I think it might be better generalized as knowing some object-oriented C-like language (C++, Java, C#).

You're asking (or implying) a lot of different questions here.

Is is expedient for a young person entering the job market to be familiar with Java (I'm changing this to a positive formation becasue negatives are confusing)? Of course. The TIOBE index answers this is two seconds. Java has over 18% market share, the most of any language.

Is there any excuse not to know Java? Of course. You don't care about the 18% of the market that uses Java. I think I could be happy knowing just Python most of the time.

To answer some more implicit questions:

Will learning Java affect the way you think about programming? Java is a great place to learn about unit testing, DI, and design patterns. The value of these is of course up for debate, but knowledge is power, and Java gives you a great chance to get this knowledge. Ultimately, I think it's better if you move on to more expressive languages, but Java is a good platform to learn some stuff on.

Should you know a lot of languages? Yes. While you may not need Java specifically, not knowing any C-like object-oriented language is not only career suicide, it's detrimental to your development as a programmer.

I can't think of any valid excuse. Quite a few very good open source projects are in java and it will be highly beneficial if you know Java to use the code for your own purposes. Also I believe Java is one of the heavily used language in the industry currently if not THE most used. And it is also a well designed object oriented language (so I find no harm in learning it). It is also a good entry into the Java platform/ecosystem.
There is no reason for not knowing something. That being said, knowing Java at this point might be advantageous in many respects because of the mature state of third party libraries available to support all aspects (development, testing, deployment) of any kind of work you are into.

If you are a good programmer without a job, it will definitely help you as there are plenty of Java jobs available in the market now.

I have personally come across a couple of startups, started by smart engineers from MIT/Stanford, which suffered because they found excuses not to do their work in Java and do it in Ruby/PHP. One of them ended up rewriting everything in Java (which made their initial 6 months of development a throwaway) and sadly, another one got stalled.

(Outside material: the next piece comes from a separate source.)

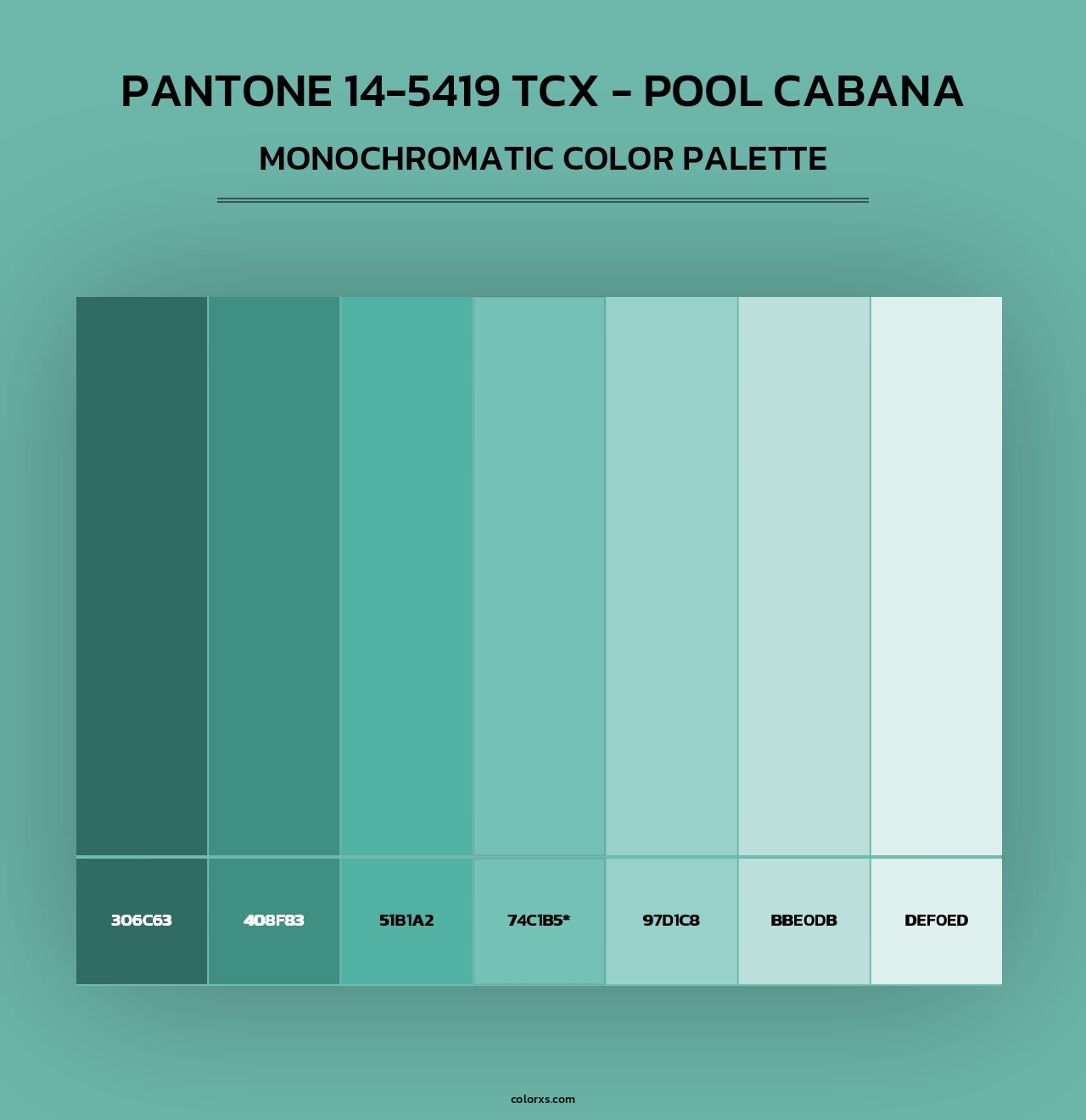 PANTONE 14-5419 TCX - Pool Cabana - Monochromatic Color Palette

Am not implying that its better than other languages as each language has its own pros and cons. However, you will not know if it can serve your specific purpose better because you don't know what you don't know.

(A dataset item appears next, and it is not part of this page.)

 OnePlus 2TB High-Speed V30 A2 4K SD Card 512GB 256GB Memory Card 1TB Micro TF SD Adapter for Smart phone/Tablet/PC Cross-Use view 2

Well, there is opportunity cost. Could the time and effort spent on Java be better spent elsewhere?

It may be because I'm still feeling the glow Java had when I learnt it in the late 1990's, but I really like a lot of things about it. It's a very simple, safe and easy to use language, it's C++ without the broken glass, it's C with automatic memory allocation, bounds checking and a nicer package/interface system. API's are separated and enforced. It used to be bemoaned as slow ("knock knock" "who's there" "................java"), and now it's seen as fast. That's pretty cool (it's partly because it's relatively faster than python... but it also has been made actually faster).

Many early adopters left it for python/ruby a few years ago when the small language that Java was became uglier with extensions, esp generics and annotations. Perhaps an important reason people left is because it became successful, and it became associated with unpleasant mindless corporate programming.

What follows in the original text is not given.